A line below contains "Calgary, AB T3E4R4,3243 Kenmare Crescent SW", and a later one contains "Atacante Barcos, o". Repeat both, with every line between them, exactly.
---------- Data provided ----------
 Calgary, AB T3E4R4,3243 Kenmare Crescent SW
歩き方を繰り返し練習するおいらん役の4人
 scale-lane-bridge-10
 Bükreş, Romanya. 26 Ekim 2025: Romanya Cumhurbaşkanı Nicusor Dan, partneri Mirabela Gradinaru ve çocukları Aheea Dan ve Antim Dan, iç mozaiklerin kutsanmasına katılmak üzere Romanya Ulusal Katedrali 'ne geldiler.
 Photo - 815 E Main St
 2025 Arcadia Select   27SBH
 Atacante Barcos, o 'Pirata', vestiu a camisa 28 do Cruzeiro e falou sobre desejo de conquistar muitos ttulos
----------
---------- Data provided ----------
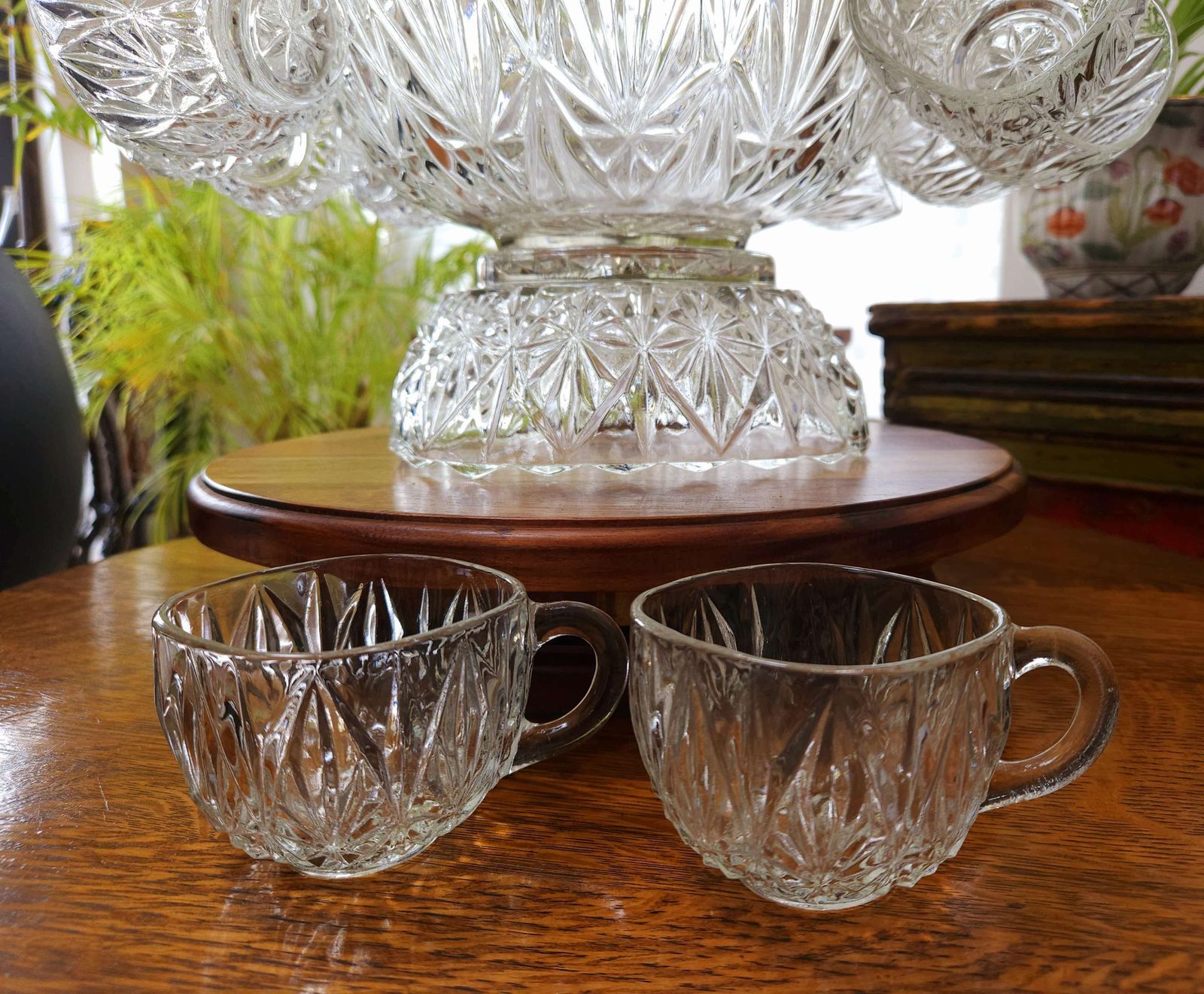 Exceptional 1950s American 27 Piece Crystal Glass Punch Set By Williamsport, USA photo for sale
----------
---------- Data provided ----------
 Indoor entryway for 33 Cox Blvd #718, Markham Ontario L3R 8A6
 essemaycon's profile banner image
----------
Response area>
 Calgary, AB T3E4R4,3243 Kenmare Crescent SW
歩き方を繰り返し練習するおいらん役の4人
 scale-lane-bridge-10
 Bükreş, Romanya. 26 Ekim 2025: Romanya Cumhurbaşkanı Nicusor Dan, partneri Mirabela Gradinaru ve çocukları Aheea Dan ve Antim Dan, iç mozaiklerin kutsanmasına katılmak üzere Romanya Ulusal Katedrali 'ne geldiler.
 Photo - 815 E Main St
 2025 Arcadia Select   27SBH
 Atacante Barcos, o 'Pirata', vestiu a camisa 28 do Cruzeiro e falou sobre desejo de conquistar muitos ttulos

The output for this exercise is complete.